■ What you will do:
The full set of entries should be repeated without a single change.
== Records
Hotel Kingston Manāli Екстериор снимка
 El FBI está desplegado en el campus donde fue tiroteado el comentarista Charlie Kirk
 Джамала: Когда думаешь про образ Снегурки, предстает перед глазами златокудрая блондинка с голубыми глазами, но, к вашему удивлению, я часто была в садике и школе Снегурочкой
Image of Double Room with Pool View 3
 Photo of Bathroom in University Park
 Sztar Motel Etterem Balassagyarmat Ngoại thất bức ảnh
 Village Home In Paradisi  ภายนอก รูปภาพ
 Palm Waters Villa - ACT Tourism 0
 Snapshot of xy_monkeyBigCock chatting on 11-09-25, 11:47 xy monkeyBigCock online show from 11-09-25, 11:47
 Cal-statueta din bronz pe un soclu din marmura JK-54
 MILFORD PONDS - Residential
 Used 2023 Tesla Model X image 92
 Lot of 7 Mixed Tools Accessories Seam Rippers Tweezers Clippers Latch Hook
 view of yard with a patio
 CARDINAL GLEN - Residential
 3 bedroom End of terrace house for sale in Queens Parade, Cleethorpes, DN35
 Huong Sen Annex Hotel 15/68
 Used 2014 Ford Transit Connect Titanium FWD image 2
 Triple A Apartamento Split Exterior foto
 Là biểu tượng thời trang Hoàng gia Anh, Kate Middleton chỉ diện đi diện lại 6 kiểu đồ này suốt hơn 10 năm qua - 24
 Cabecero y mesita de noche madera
====
■ Response below:
Hotel Kingston Manāli Екстериор снимка
 El FBI está desplegado en el campus donde fue tiroteado el comentarista Charlie Kirk
 Джамала: Когда думаешь про образ Снегурки, предстает перед глазами златокудрая блондинка с голубыми глазами, но, к вашему удивлению, я часто была в садике и школе Снегурочкой
Image of Double Room with Pool View 3
 Photo of Bathroom in University Park
 Sztar Motel Etterem Balassagyarmat Ngoại thất bức ảnh
 Village Home In Paradisi  ภายนอก รูปภาพ
 Palm Waters Villa - ACT Tourism 0
 Snapshot of xy_monkeyBigCock chatting on 11-09-25, 11:47 xy monkeyBigCock online show from 11-09-25, 11:47
 Cal-statueta din bronz pe un soclu din marmura JK-54
 MILFORD PONDS - Residential
 Used 2023 Tesla Model X image 92
 Lot of 7 Mixed Tools Accessories Seam Rippers Tweezers Clippers Latch Hook
 view of yard with a patio
 CARDINAL GLEN - Residential
 3 bedroom End of terrace house for sale in Queens Parade, Cleethorpes, DN35
 Huong Sen Annex Hotel 15/68
 Used 2014 Ford Transit Connect Titanium FWD image 2
 Triple A Apartamento Split Exterior foto
 Là biểu tượng thời trang Hoàng gia Anh, Kate Middleton chỉ diện đi diện lại 6 kiểu đồ này suốt hơn 10 năm qua - 24
 Cabecero y mesita de noche madera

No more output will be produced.